Soft commodity prices like sugar and rice are also affected by exporting country’s weather condition. An increase in food commodity prices will affect F&B industries the most.
When you are anticipating a spike in raw material costs, take pre-emptive steps to react. If you’re in a fiercely competitive industry where consumers are price sensitive, your competitors likely will absorb the price increase initially.
Without holding power, if you pass on the cost increase to your customers, your revenue and market share might take a beating.
Before you devise a new strategy to meet this challenge, (either by diversifying supplier source and pivoting to other related business), you should start sourcing financing to buy yourself some time before planning your next move.
You can also explore revolving credit banking facilities such as trade financing which allows you credit terms when financing your suppliers’ payments.
4. You’re planning for a major change in business direction/model
Over the course of your business, you might identify certain risks or spot opportunities to improve the company.
All businesses undergo some form of changes and pivot in direction over the long term as nothing stays static.

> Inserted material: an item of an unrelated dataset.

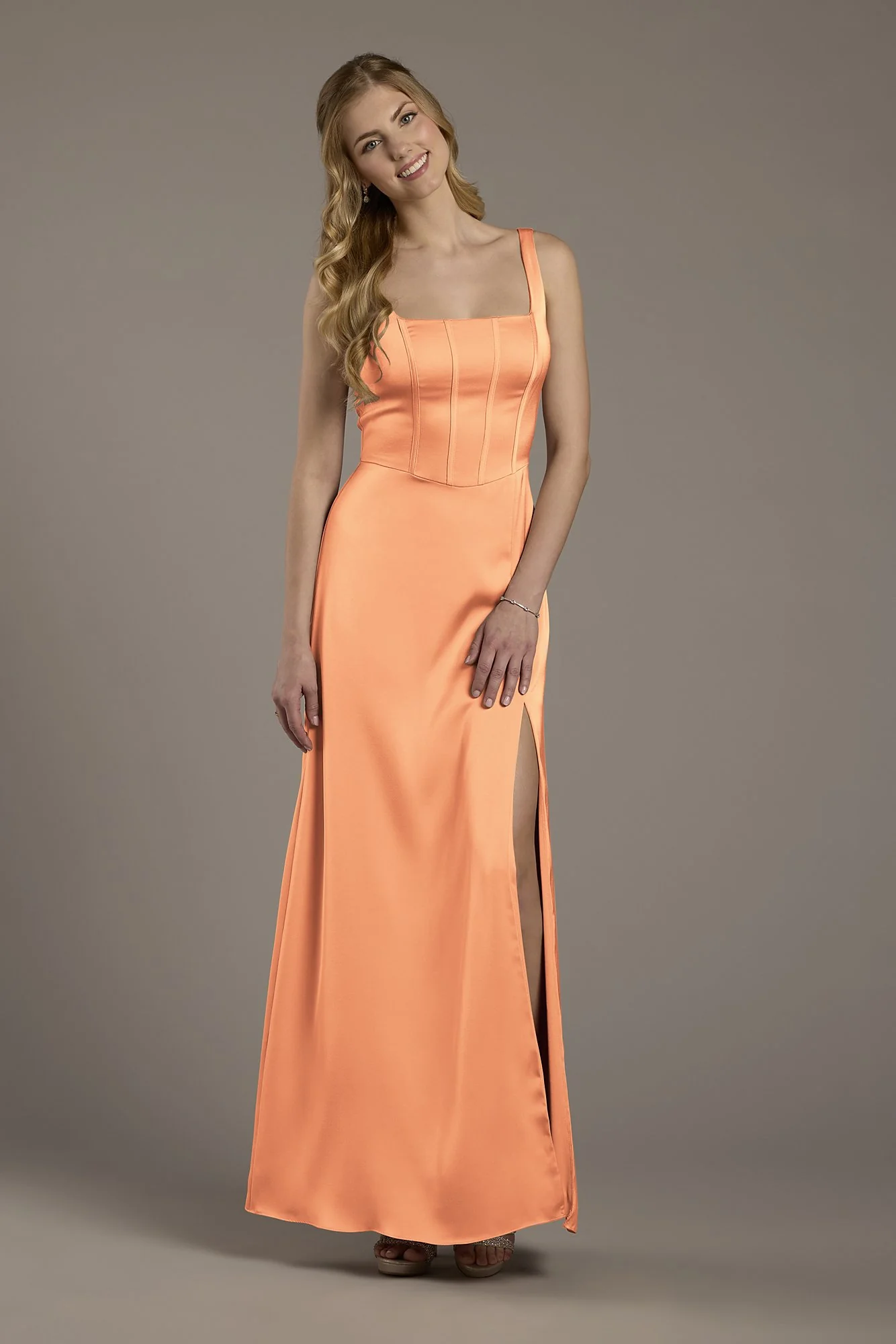 Matte Satin Corset Bodice Square Neck A-Line Dress - Image 10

If you’re planning for a major change such as:
- Introducing new product line or service that takes considerable lead time
- Initiating a franchise model for your business
- Preparing for a potential merger and acquisition
- Downsizing or expanding physical locations of stores or premises
- Climbing up the value chain i.e. switch from distributor to be manufacturer
You might want to factor in your financing plans in your change strategy as well so you are well prepared and capitalized.

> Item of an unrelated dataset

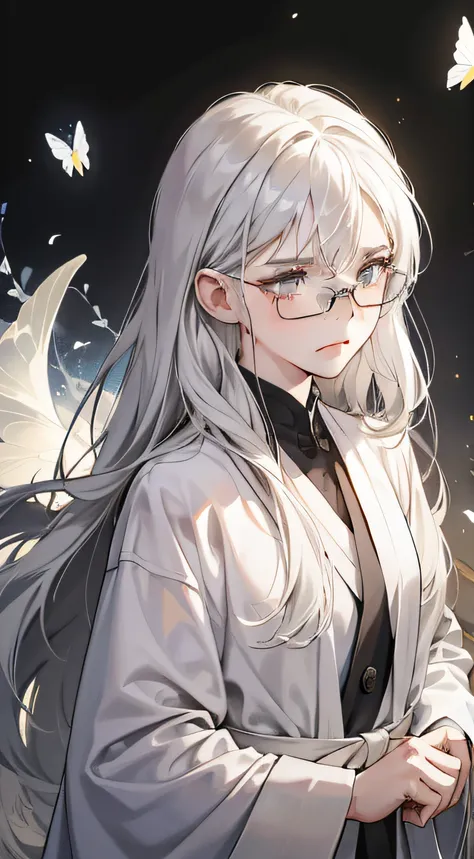 Girl with long white hair，Gray-black glasses，There are tear tracks on the face，The expression was wooden, angry，Wearing a crisp white robe，It is surrounded by white butterflies，The background is a dark city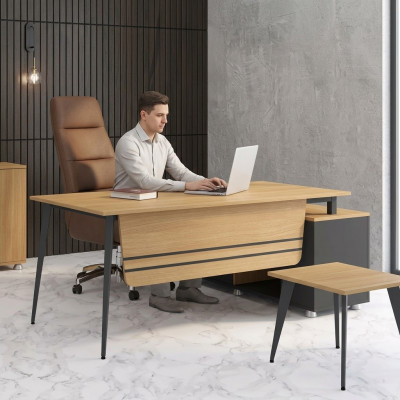 Bürosdësch Aarbechtszëmmer Büro Miwwelen Eckschreifdësch Miwweldesign Holz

5. Cash flow is increasing tougher to manage
If you find yourself constantly having to chase your customers for payments to meet your monthly payroll and bills, you are most probably experiencing a cash flow issue.

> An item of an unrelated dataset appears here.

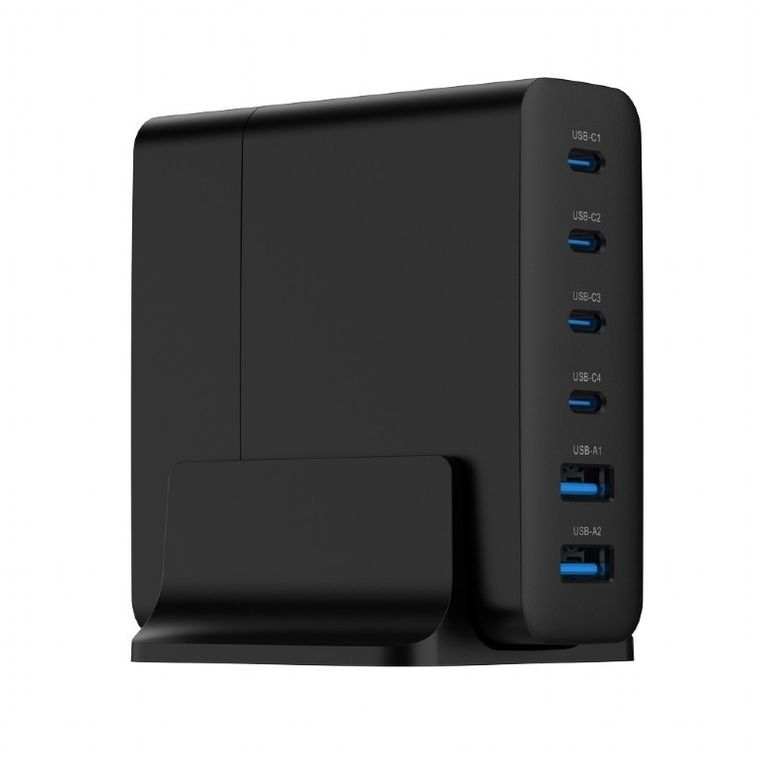 Gembird, ładowarka uniwersalna, 75W, GaN 2xUSB-A 4xUSB-C, szybkie ładowanie, czarna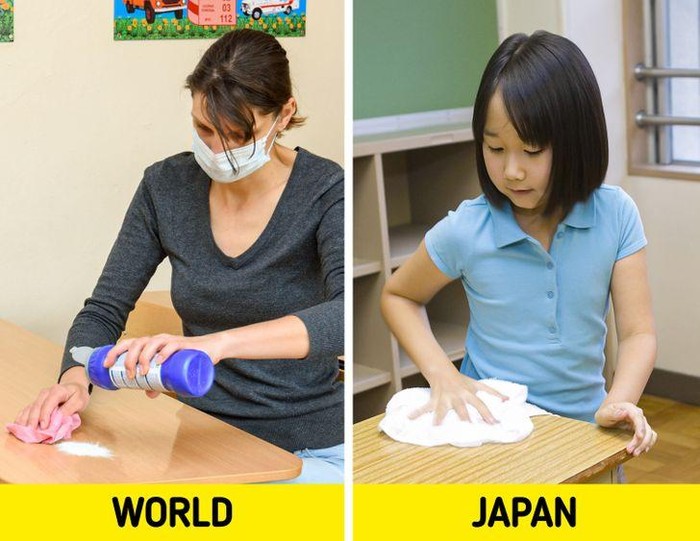 Học sinh Nhật Bản tự dọn vệ sinh lớp học.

Take immediate steps to improve your cash flow position. Some of the things you can act on:
- Negotiate longer credit terms from suppliers
- Pay utility bill or any other business expenses on a corporate credit card to enjoy the interest free credit period of 40-55 days (depending on banks)
- Manage receivables aggressively, offer discount for early payment and be firm on chasing late payments
- Manage inventory prudently, do not over-stock, bundle slow moving items with fast selling ones or clear obsolete inventory at near cost price
If you’re customers are demanding much longer credit terms compared to the shorter credit terms your suppliers are offering you, apply for trade financing or overdraft facilities to smooth out cash flow.
Compared to the other situations listed here, this is the most adverse situation you can find yourself in.
If your cash flow is deteriorating, you must seek financing before it gets too late. Once your financials and bank statements display signs of heavy distress, most banks would probably not be able to finance your company.
6. You are in a seasonal business
If you’re in a seasonal business such as retailing of winter wear or selling Chinese New Year food stuff, you also like to plan financing appropriately.
Try to apply for revolving credit facilities such as bank overdraft during peak periods (and when your cash flow is at its strongest on paper) to help cope with the corresponding increase in purchases and business expenses.
Apply for term loan during the tail end of your business’s peak to ease out cash flow during the subsequent lull periods.
Always anticipate and plan ahead for business financing. You’ll find that we use this recurring theme multiple times in our articles.
The reason is because we cannot emphasize on this enough. In the course of our work, we find that the number one reason why business loans are rejected is due to poor planning.
Many SMEs apply for financing when it’s too late and as a result, they are faced with bank rejections or have to accept higher interest rates from alternative funders.
By keeping an eye on your company’s cash flow and always planning a step ahead, you’ll ensure your business is always in optimal position when it comes to financing.